Stored items from a collection

• • •

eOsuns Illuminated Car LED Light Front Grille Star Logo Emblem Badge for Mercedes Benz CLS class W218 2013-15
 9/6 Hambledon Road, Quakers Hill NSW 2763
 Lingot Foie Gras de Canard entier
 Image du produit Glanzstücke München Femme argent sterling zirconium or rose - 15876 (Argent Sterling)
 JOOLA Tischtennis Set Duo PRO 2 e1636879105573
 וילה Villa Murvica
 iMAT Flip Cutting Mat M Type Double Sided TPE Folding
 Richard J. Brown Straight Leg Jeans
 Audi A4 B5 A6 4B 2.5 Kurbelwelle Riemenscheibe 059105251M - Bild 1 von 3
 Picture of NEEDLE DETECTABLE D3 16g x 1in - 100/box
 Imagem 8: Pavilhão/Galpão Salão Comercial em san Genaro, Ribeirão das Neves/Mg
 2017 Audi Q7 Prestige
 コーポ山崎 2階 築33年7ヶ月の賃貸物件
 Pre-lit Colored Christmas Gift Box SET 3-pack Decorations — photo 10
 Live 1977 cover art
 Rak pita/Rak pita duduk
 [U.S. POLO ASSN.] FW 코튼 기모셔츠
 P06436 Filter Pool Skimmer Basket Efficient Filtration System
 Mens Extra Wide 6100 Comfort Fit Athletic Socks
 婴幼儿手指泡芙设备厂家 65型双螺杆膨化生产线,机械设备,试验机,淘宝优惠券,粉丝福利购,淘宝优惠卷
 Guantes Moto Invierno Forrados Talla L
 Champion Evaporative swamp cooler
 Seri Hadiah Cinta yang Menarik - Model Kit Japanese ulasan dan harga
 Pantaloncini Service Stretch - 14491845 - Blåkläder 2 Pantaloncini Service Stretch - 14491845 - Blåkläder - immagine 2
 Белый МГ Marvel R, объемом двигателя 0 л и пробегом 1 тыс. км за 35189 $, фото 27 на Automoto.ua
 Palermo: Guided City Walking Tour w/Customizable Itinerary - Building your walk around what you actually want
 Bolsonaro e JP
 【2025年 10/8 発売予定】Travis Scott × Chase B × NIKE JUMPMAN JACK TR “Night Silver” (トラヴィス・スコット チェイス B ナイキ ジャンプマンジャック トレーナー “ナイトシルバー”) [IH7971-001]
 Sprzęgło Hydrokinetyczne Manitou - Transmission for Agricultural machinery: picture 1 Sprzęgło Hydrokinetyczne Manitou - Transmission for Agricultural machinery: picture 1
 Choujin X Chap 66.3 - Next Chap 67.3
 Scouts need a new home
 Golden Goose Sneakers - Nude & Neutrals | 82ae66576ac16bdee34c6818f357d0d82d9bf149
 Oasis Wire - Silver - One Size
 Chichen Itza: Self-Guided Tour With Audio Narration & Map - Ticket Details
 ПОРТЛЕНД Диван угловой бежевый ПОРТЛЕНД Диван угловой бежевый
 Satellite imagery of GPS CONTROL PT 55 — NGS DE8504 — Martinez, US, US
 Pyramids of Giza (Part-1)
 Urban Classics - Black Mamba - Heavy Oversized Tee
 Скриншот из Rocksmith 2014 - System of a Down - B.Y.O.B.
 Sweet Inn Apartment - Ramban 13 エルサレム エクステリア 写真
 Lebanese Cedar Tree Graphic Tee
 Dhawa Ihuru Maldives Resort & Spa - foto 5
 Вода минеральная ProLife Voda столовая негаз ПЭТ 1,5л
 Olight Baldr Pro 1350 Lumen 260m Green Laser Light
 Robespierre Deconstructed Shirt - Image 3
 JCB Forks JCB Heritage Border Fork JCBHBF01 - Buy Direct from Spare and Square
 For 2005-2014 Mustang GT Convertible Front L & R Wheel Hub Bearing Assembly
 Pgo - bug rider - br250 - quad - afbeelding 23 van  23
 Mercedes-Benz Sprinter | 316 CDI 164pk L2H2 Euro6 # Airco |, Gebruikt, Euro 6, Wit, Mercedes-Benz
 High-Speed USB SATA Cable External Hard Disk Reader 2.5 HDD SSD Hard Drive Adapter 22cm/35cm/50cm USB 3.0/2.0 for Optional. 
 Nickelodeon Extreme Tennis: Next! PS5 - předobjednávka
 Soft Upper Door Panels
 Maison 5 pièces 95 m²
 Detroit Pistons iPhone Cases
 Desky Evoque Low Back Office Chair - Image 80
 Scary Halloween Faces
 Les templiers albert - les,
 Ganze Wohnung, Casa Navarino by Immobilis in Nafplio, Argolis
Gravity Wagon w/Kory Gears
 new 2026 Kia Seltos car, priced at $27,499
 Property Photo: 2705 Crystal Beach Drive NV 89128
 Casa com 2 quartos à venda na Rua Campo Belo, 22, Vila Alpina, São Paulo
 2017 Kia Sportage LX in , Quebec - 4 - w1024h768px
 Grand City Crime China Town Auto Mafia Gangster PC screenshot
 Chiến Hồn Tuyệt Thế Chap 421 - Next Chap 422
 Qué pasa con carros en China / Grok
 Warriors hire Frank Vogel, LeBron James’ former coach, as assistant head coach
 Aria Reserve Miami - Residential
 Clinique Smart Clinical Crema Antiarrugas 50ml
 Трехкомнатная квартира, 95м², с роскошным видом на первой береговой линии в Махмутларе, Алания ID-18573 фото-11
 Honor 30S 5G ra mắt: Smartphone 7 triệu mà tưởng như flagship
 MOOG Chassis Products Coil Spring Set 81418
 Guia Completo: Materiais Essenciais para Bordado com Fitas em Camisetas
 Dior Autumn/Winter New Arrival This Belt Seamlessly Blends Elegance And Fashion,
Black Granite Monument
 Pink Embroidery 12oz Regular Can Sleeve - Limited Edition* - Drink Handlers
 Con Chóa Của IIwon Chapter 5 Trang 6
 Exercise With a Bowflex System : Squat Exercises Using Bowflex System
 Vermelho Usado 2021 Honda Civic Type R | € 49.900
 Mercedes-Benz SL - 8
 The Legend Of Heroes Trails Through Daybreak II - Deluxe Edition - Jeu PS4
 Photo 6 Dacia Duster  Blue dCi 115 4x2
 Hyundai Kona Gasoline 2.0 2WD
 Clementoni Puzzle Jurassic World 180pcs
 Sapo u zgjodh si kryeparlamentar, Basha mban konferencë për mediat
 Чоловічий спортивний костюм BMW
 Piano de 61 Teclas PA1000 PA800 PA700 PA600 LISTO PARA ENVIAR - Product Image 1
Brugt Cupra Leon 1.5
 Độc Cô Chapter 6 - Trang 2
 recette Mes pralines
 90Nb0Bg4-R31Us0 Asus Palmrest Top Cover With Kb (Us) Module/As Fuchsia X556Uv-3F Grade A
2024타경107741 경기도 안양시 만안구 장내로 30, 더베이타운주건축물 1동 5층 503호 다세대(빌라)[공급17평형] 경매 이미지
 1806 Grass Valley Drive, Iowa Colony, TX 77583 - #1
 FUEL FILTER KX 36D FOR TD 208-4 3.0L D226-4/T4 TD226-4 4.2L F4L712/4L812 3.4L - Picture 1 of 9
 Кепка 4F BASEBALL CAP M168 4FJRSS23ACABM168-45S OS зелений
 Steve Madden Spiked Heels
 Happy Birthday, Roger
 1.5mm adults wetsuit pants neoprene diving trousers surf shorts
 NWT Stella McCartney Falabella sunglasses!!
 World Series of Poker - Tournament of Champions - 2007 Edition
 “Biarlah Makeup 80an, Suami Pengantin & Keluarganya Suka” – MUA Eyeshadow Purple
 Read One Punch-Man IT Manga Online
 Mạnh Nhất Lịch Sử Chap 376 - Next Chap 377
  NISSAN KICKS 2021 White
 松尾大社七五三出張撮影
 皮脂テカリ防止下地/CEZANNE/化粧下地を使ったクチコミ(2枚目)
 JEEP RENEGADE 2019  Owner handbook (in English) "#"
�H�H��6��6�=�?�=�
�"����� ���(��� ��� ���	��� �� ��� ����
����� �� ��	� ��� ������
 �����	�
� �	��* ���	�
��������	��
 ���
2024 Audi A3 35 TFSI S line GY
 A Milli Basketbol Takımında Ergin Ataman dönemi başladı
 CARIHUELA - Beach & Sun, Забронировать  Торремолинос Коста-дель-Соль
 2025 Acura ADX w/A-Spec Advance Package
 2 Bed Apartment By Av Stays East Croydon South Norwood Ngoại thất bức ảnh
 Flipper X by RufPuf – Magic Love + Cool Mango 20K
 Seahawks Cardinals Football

• • •

REQUIRED WORK -
Find the line with "Clinique Smart Clinical" in the entries above. Retype it and each line after it, exactly, through the line with "Con Chóa Của IIwon Chapter 5 Trang 6", and stop there.

RESPONSE FOR THIS EXERCISE -
 Clinique Smart Clinical Crema Antiarrugas 50ml
 Трехкомнатная квартира, 95м², с роскошным видом на первой береговой линии в Махмутларе, Алания ID-18573 фото-11
 Honor 30S 5G ra mắt: Smartphone 7 triệu mà tưởng như flagship
 MOOG Chassis Products Coil Spring Set 81418
 Guia Completo: Materiais Essenciais para Bordado com Fitas em Camisetas
 Dior Autumn/Winter New Arrival This Belt Seamlessly Blends Elegance And Fashion,
Black Granite Monument
 Pink Embroidery 12oz Regular Can Sleeve - Limited Edition* - Drink Handlers
 Con Chóa Của IIwon Chapter 5 Trang 6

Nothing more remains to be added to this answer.